For every x ∈ [0, 1] and n ∈ \mathbb{N}, define f_{n}(x) to be the distance between x and the nearest point in [0, 1] of the form 10^{−n}k, where k is an integer. If f (x) = \Sigma_{n=1}^{∞}{f_{n}(x)}, evaluate \int_{[0,1]}{f} dm.
Taking x ∈ [10^{−n}k, 10^{−n}(k +1)) with 0 ≤ k ≤ 10^{n}, we have
f_{n}(x) = \begin{cases} x − 10^{−n}k, & x ∈ I_{n}^{k} \\ 10^{−n}(k + 1) − x, &x ∈ J_{n}^{k} , \end{cases}
where
I_{n}^{k} = \left[\frac{k}{10^{n}}, \frac{2k + 1}{2 × 10^{n}}\right) , J_{n}^{k} = \left[\frac{2k + 1}{2 × 10^{n}}, \frac{k + 1}{10^{n}}\right).

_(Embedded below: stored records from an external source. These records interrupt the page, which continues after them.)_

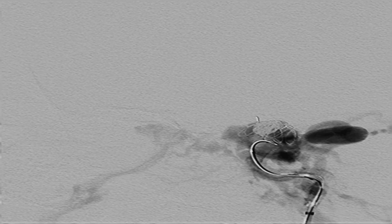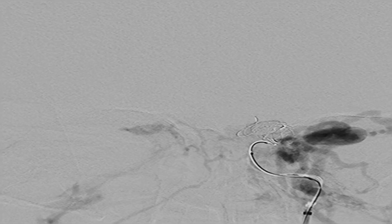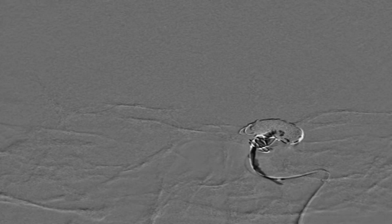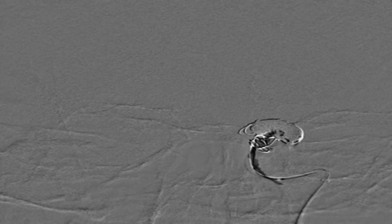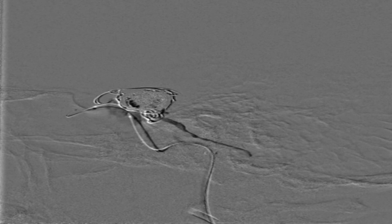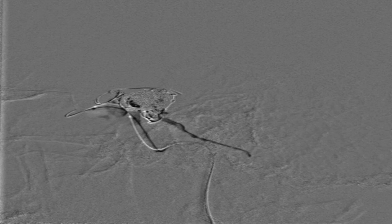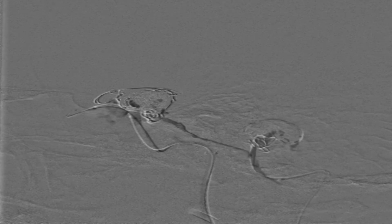Post packing with multiple coils, fluoroscopy showed that dye was still passing through the fistula. Therefore, the next step was to fill the fistula site using a liquid embolizing system delivered through the Echelon micro catheter, which is dimethyl sulfoxide compatible. Note that the balloon remained inflated throughout this process.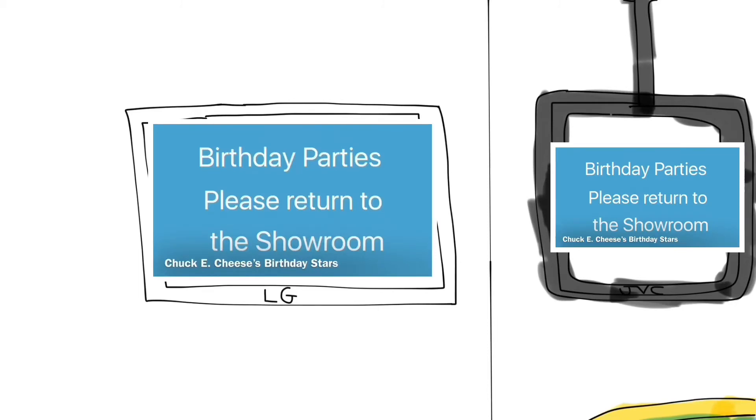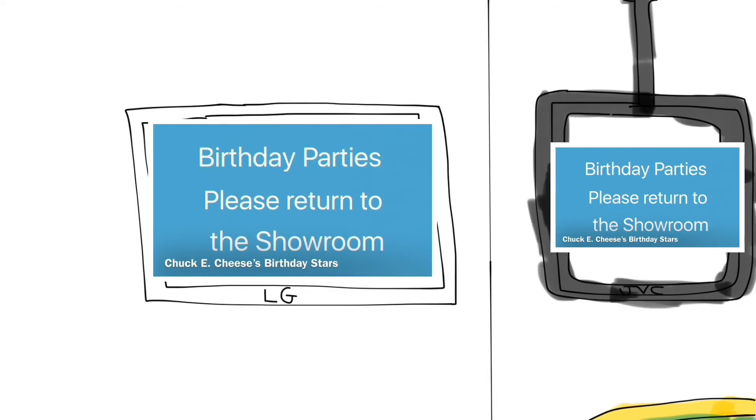Ladies and gentlemen, boys and girls, it's time for our birthday parties to return to the showroom. Food and festivities will begin shortly. Birthday parties, please return to the showroom. Chuck E. Cheese will be joining you shortly. All birthday party guests, please return to your tables in the showroom. Thank you.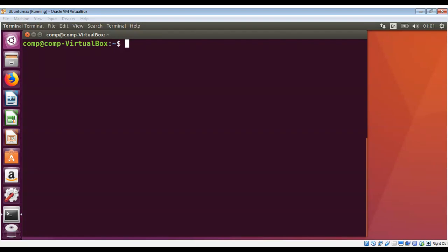If you want to send a message to another user who is logged in, you can use the write utility in Linux. The write utility allows you to communicate with other users. First, I will check who is logged into our machine.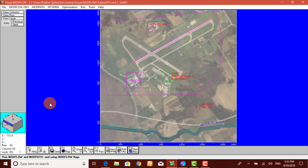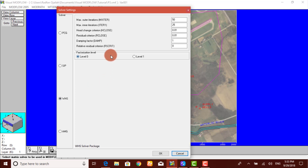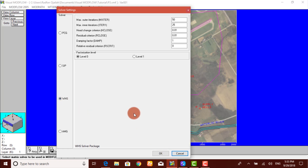Firstly, we will examine the solver options for Mudflow. So from Mudflow 2005, we select Solver and make sure that the WHS solver is selected to calculate the flow solution. If it's selected, then click on OK.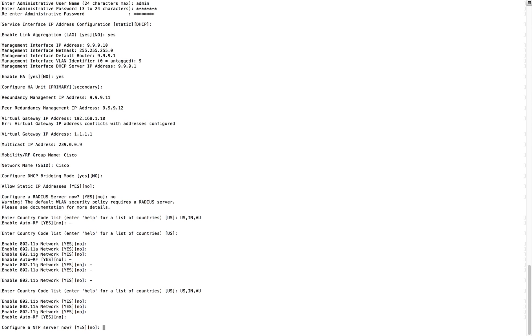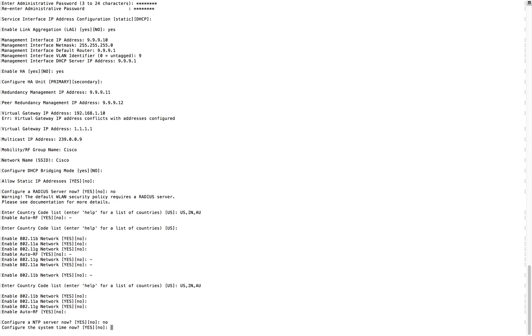The next section is NTP server configuration. If you have a valid NTP server in your network, you can enter its IP here so all devices — including APs — stay in sync. This is critical because certificate validation depends on proper time synchronization between controller and APs. I'm going to skip it since I know my system time is correct, but there is an option to configure the NTP server later.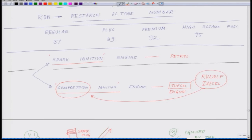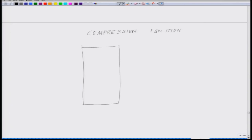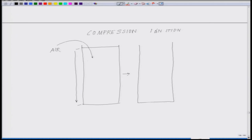Now, about compression ignition — once we finish this, we will talk about octane number. Compression ignition works differently. You have again a cylinder in which there is an intake of simple air — only air. The air fills the cylinder, just like what you saw in the previous situation, and then you move the piston down.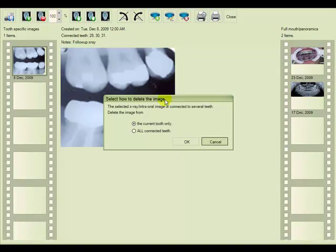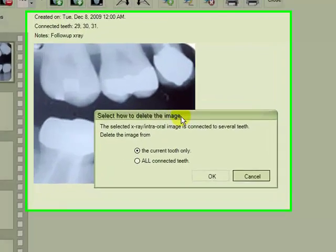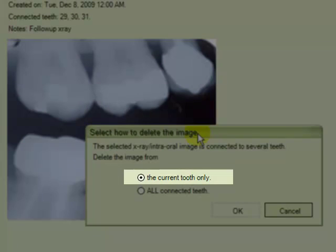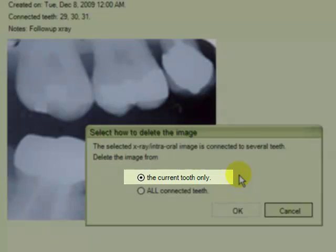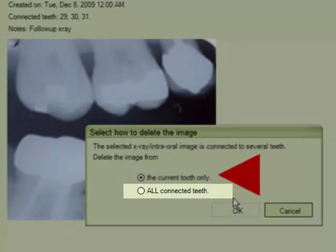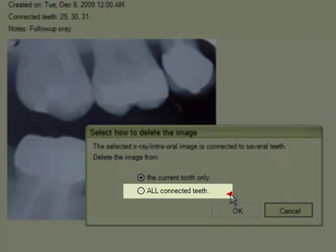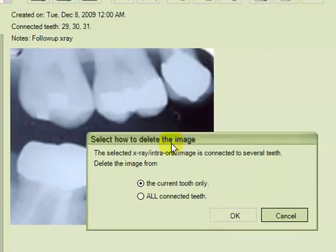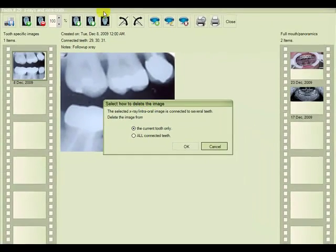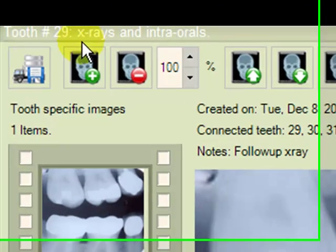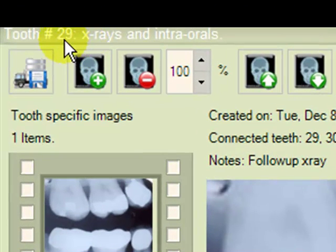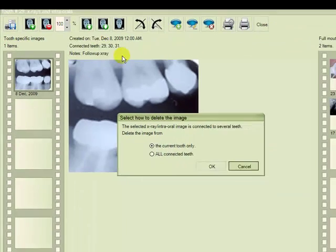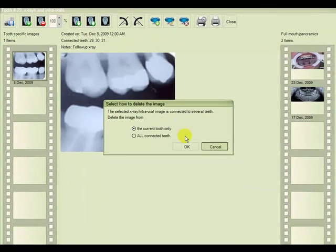In this mode, when we choose to delete an image, we are given the choice of the current tooth only or all connected teeth. If we look at the top of our window up here, we see that we are on tooth number 29 and that is the tooth that we wanted to unlink our X-ray from.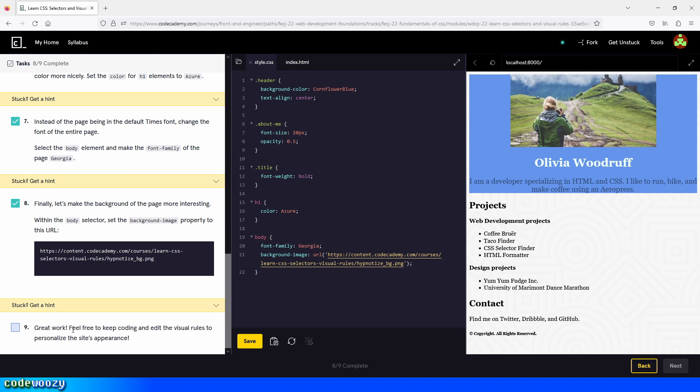Great work. Feel free to keep coding and edit the visual rules to personalize the site's appearance — you can do that yourselves. With that, we are done with this lesson or project. If you found the video helpful, I'd really appreciate it if you give it a thumbs up, and make sure to subscribe to the channel for more videos on Codecademy. Thank you for watching, and I'll talk to you next time. Bye.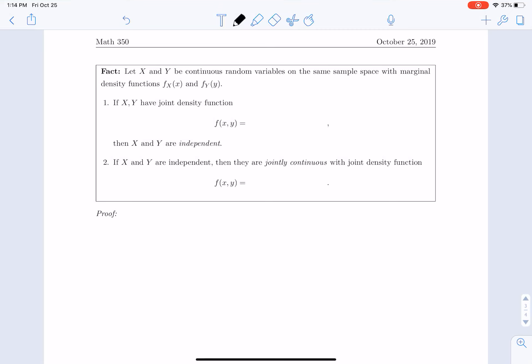We would now like to understand how independence works for two random variables that are continuous and have a joint density function. If x and y have a joint density function f equal to the marginal density f_x times the marginal density f_y, then x and y are independent. But the opposite is true as well: if x and y are independent, then they are jointly continuous with a joint density function f equal to f_x times f_y.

Using the result of Example 11.1 and the linearity of the integral, we obtain
\int_{I_{n}^{k}}{f_{n}} dm =\int_{J_{n}^{k}}{f_{n}} dm = \frac{1}{8 × 10^{2n}}
⇒ \int_{[0,1]}{f_{n}} dm = \sum\limits_{k=0}^{10^{n}−1}{\int_{I_{n}^{k}∪J_{n}^{k}}{f_{n}} dm = \frac{1}{4 × 10^{n}}} .
Since f_{n} ≥ 0, Corollary 11.3.1 gives
\int_{[0,1]}{f} dm = \sum\limits_{n=1}^{∞}{\frac{1}{4 × 10^{n}}}= \frac{1}{36}.